A Região Norte, que no ano anterior era a menos violenta para jornalistas, passou de 19 para 22 casos. O Amazonas lidera com 8 registros, seguido do Pará (seis), Tocantins (três), Acre e Rondônia (dois cada) e Roraima (um). O Amapá não teve ocorrências registradas, mas há possibilidade de subnotificação. O Pará mostrou uma queda consistente desde 2022, quando teve 21 casos, sugerindo um avanço na proteção à categoria.

Embora haja sinais de melhora em algumas regiões, os dados reforçam que a liberdade de imprensa continua sob risco em diferentes partes do Brasil. “A descentralização dos ataques – que agora atingem com mais frequência jornalistas de veículos locais – revela um cenário onde o trabalho jornalístico permanece vulnerável, sobretudo em contextos políticos polarizados. É essencial fortalecer os mecanismos de denúncia, proteção e responsabilização para que a democracia não continue sendo ameaçada pela intimidação e violência contra quem informa a sociedade”, pontua a presidenta da FENAJ.

Quem são os agressores

Para não fugir à regra, os políticos continuam disparados no ranking dos maiores agressores de jornalistas e à liberdade de imprensa no país. Em 2024, foram 48 episódios que envolveram agressões físicas e verbais, tentativas de intimidação, ofensas em atos públicos de campanha, tentativas de censura a matérias e assédio judicial, um dos itens
que mais cresceu no último período.

A esses 48 agressores políticos, que representaram 33,33% de todos os ataques,
acrescente -se apoiadores diretos (cinco ocorrências), manifestantes de extrema direita (seis casos) e servidores públicos ou órgãos como Prefeitura e Governo de Estado (nove casos), que, em última análise, estão a serviço de interesses de políticos.

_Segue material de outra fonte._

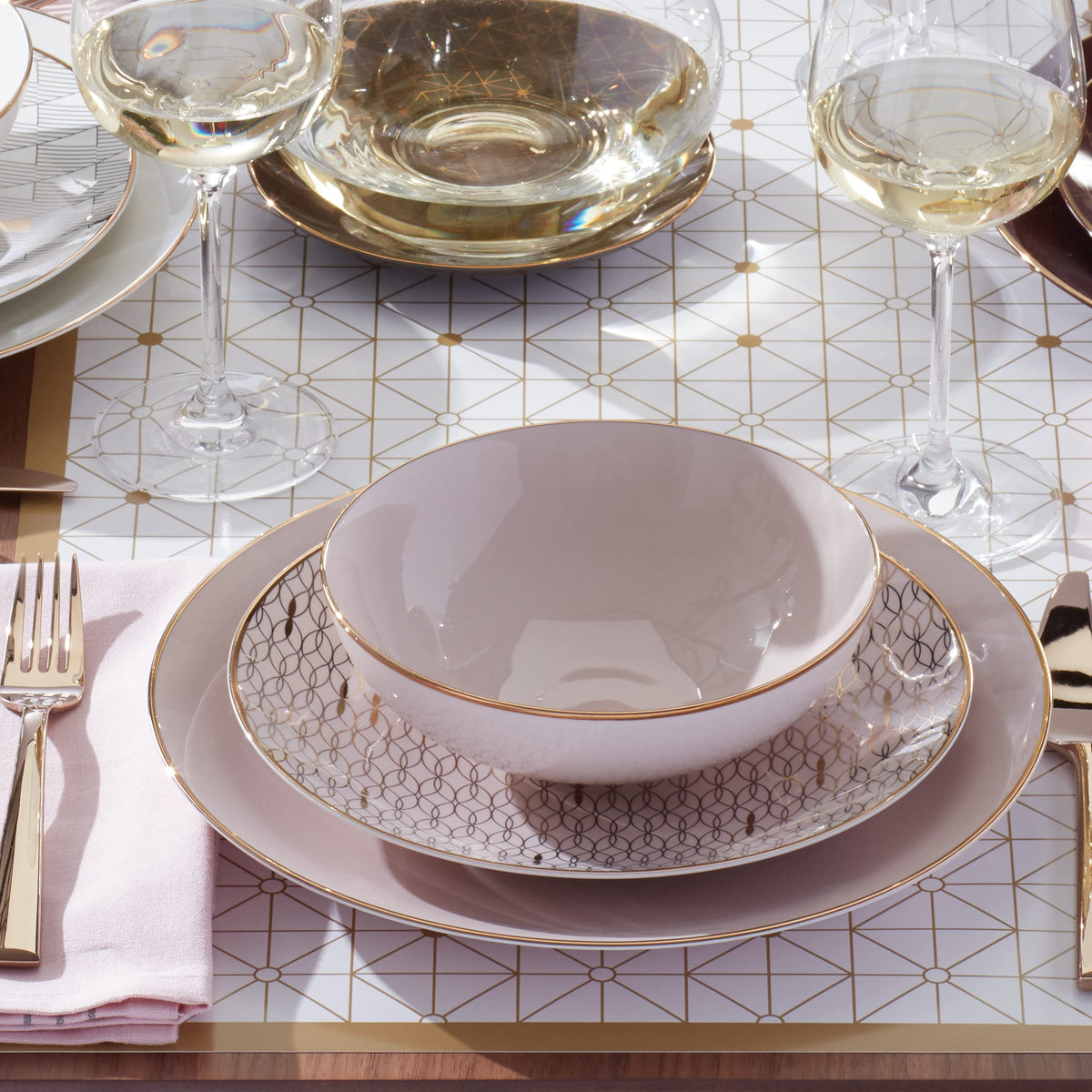 Lenox Trianna Blush 12 Piece Porcelain Dinnerware Set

Para o secretário de Saúde e Segurança da FENAJ, Norian Segatto, “o relatório evidencia um padrão ideológico entre os agressores: mais de 40% dos ataques partiram de setores da direita e extrema direita, com políticos, assessores e apoiadores figurando como os principais autores das violências”.

Violência por gênero

A violência de gênero é outro ponto de atenção. Jornalistas mulheres não aparecem como alvos preferenciais (numericamente), mas são vítimas de ataques misóginos, incluindo insultos, desqualificações profissionais e ameaças simbólicas. “O machismo e a misoginia se somam ao autoritarismo para tentar silenciar as vozes femininas no jornalismo”, pontuou a presidenta da FENAJ.

Em 2024, foram registradas 81 vítimas do sexo masculino, 47 do sexo feminino, e 26 casos configurados como ataques coletivos ou contra profissionais de maneira genérica em uma determinada mídia.  Percentualmente, 52,60% dos registros tiveram como alvo jornalistas do sexo masculino, 30,52% mulheres, e 16,86% dos casos foram ataques coletivos ou em que não foi possível apurar o gênero. Nenhum ataque a jornalistas trans foi relatado.

 

Cenário internacional

No cenário internacional, a situação também é alarmante. Em 2024, 122 jornalistas foram assassinados em todo o mundo, com a maioria das mortes ocorrendo na Faixa de Gaza, em meio à ofensiva israelense contra o povo palestino. O relatório também alerta para os riscos à liberdade de imprensa com a reeleição de Donald Trump nos Estados Unidos e o papel das big techs na disseminação de desinformação e na tolerância a projetos autoritários.

Para a FENAJ, os dados exigem atenção e ação imediata. “A liberdade de imprensa é uma condição para a democracia, os direitos humanos e a soberania nacional. Não podemos tratar a redução de casos como sinal de estabilidade. A luta agora é contra novas formas de censura que se disfarçam de legalidade”, concluiu Samira de Castro.

A entidade reforça a necessidade de garantir salários dignos, segurança no trabalho e combate sistemático aos discursos de ódio, especialmente com a aproximação do próximo ciclo eleitoral em 2026.